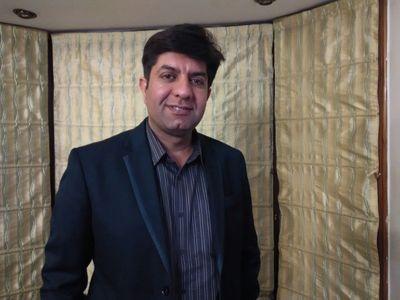 snarang02's profile picture. 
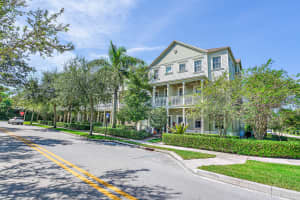 356 W Thatch Palm Cir, Jupiter, FL 33458, Sold 07/05/21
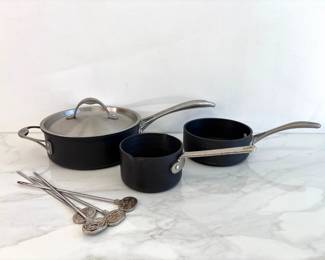 Lot 8833 Calphalon 3 qt  1 qt  34 qt Pans  Metal Skewers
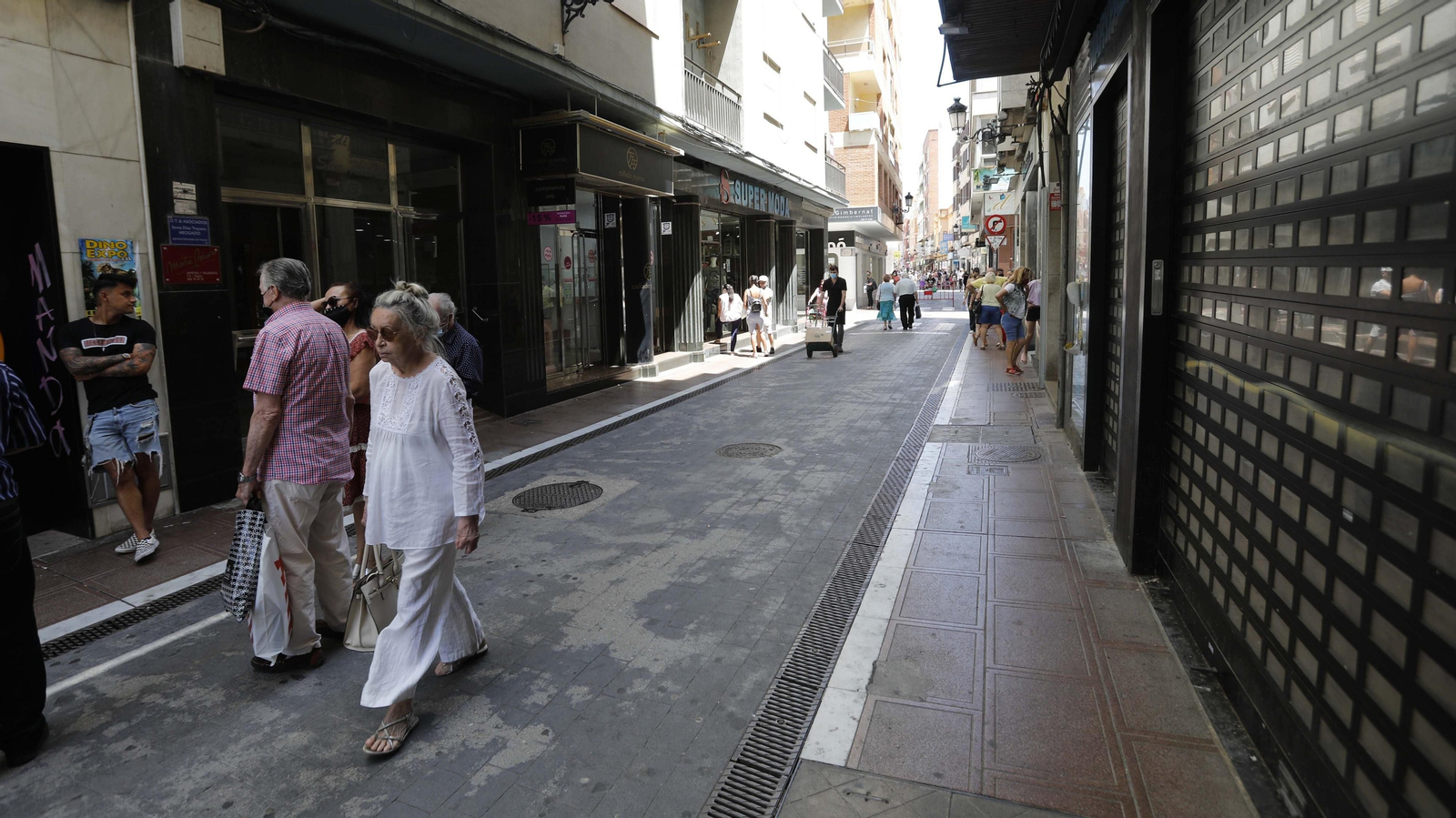 Viandantes en el centro de La Línea.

**********

Write out the whole listing exactly, with no pictures.

 snarang02's profile picture. 
 356 W Thatch Palm Cir, Jupiter, FL 33458, Sold 07/05/21
 Lot 8833 Calphalon 3 qt  1 qt  34 qt Pans  Metal Skewers
 Viandantes en el centro de La Línea.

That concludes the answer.